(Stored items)
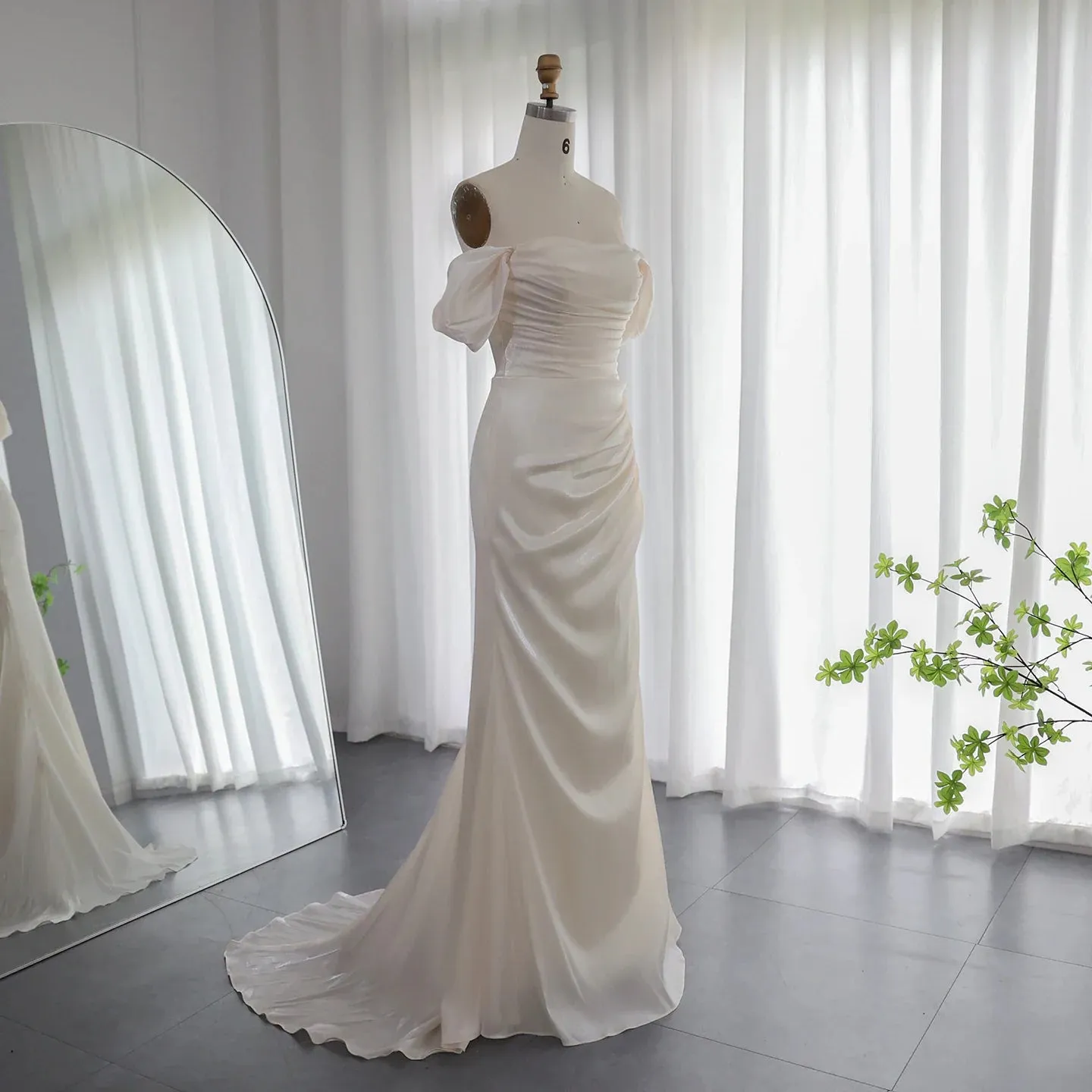 Elegant Off Shoulder Arabic Mermaid Beige Evening Dress SF001
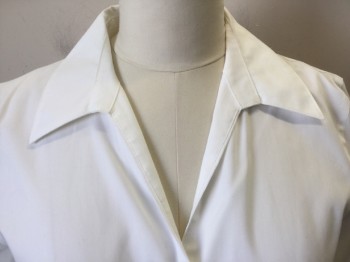 CALVIN KLEIN, White, Cotton, Solid, V-neck, with Collar Attached, Button Front, Long Sleeves with French Cuffs, Curved Hem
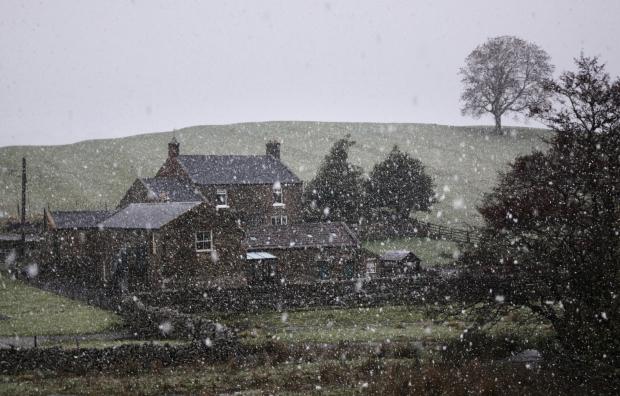 Snow begins to set in Holwick, Middleton-in-Teesdale, Co Durham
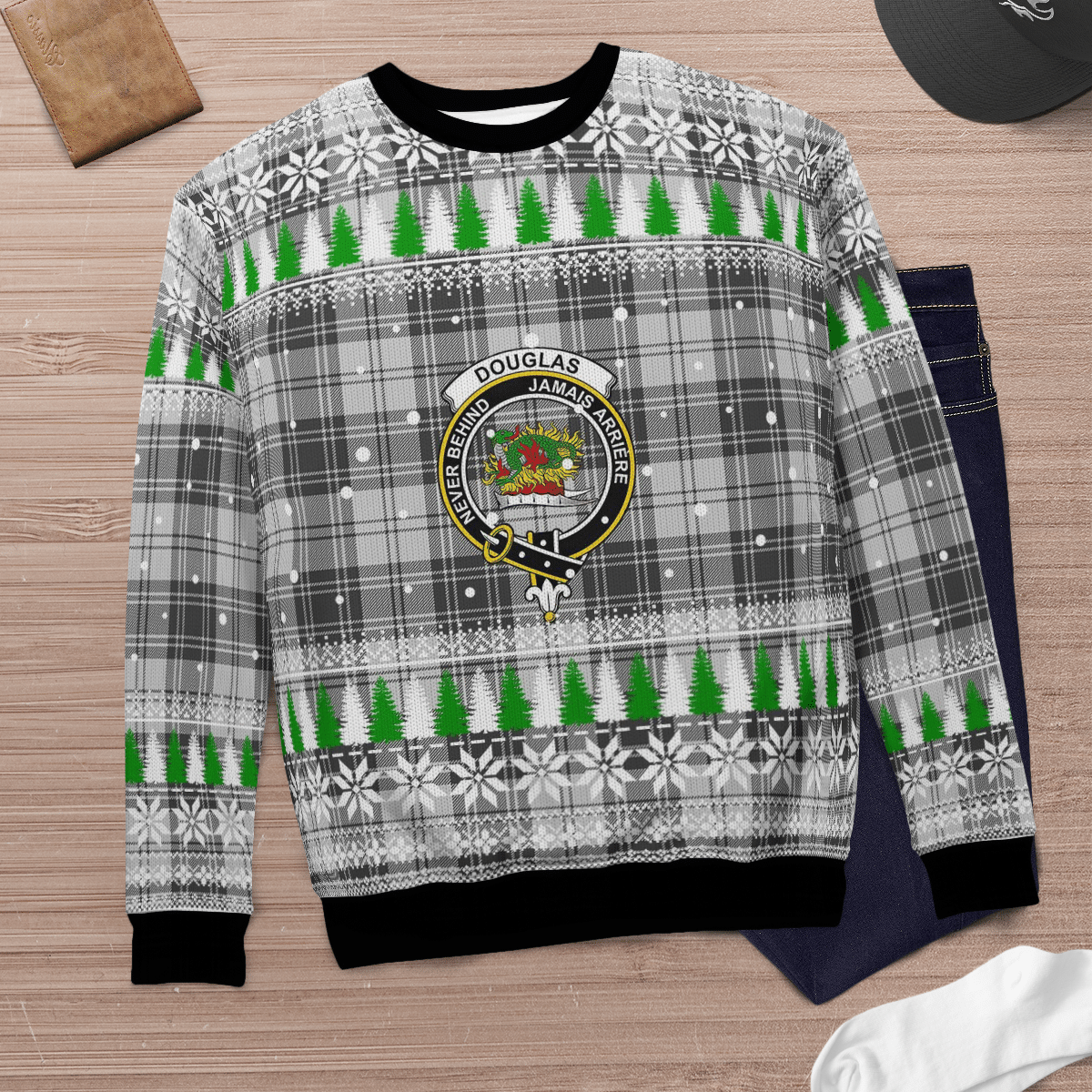 Clan Douglas Grey Modern Crest Tartan Christmas Ugly Sweater GC82 Douglas Grey Modern Crest Tartan Tartan Ugly Sweater   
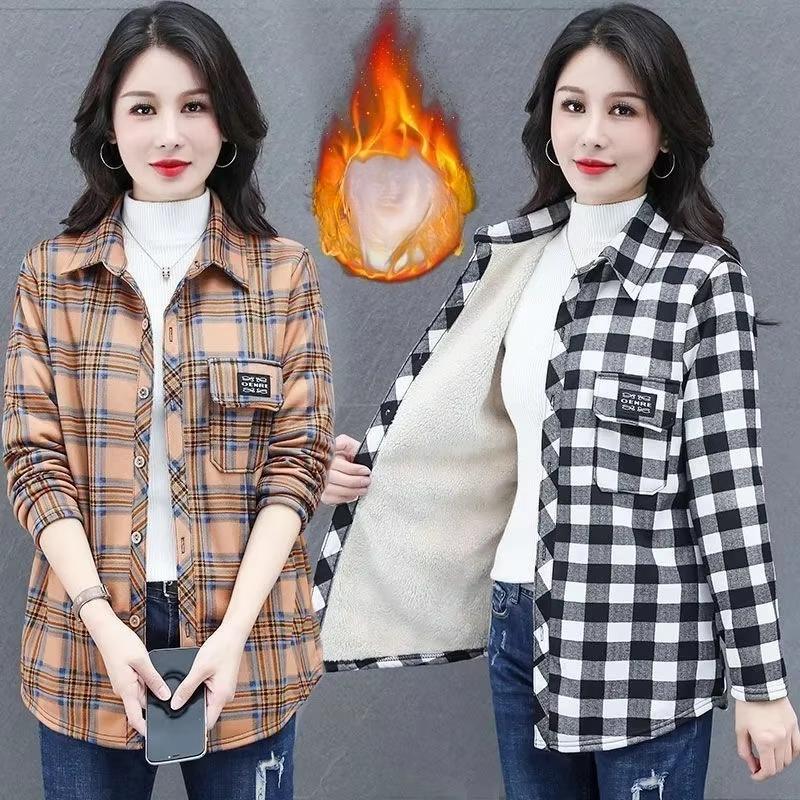 Middle Aged Women Shirt Tops Add Velvet Thicken Warm Plaid Shirt Spring Autumn Winter Casual Shirt Jacket Bottoming Shirt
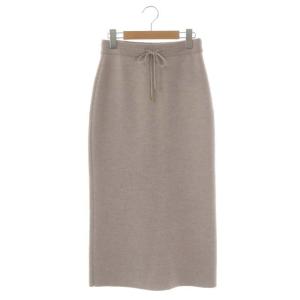 22AW メリノ ウール タイトニットスカート ロング 36 スモークピンク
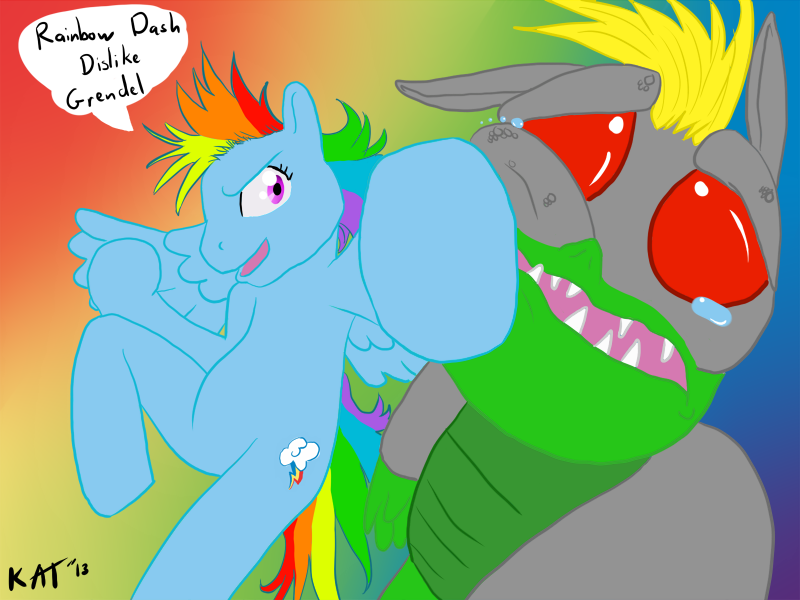 Rainbow Dash Beats up Grendel (Click to enlarge)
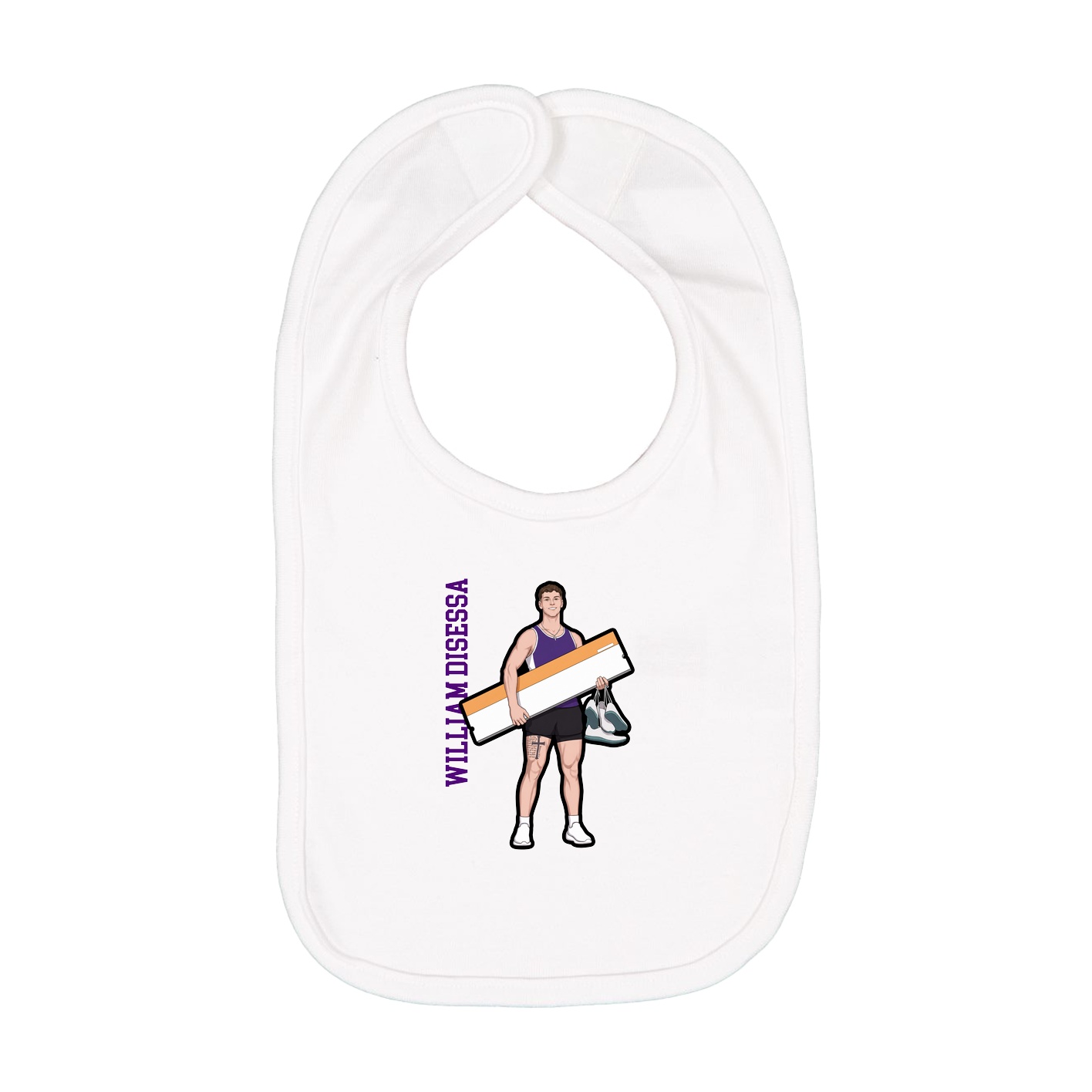 Infant Bib — Name Vertical in White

> _Task item_
Set down every line above exactly, pictures excluded.

> _Exercise output_
 Elegant Off Shoulder Arabic Mermaid Beige Evening Dress SF001
 CALVIN KLEIN, White, Cotton, Solid, V-neck, with Collar Attached, Button Front, Long Sleeves with French Cuffs, Curved Hem
 Snow begins to set in Holwick, Middleton-in-Teesdale, Co Durham
 Clan Douglas Grey Modern Crest Tartan Christmas Ugly Sweater GC82 Douglas Grey Modern Crest Tartan Tartan Ugly Sweater   
 Middle Aged Women Shirt Tops Add Velvet Thicken Warm Plaid Shirt Spring Autumn Winter Casual Shirt Jacket Bottoming Shirt
 22AW メリノ ウール タイトニットスカート ロング 36 スモークピンク
 Rainbow Dash Beats up Grendel (Click to enlarge)
 Infant Bib — Name Vertical in White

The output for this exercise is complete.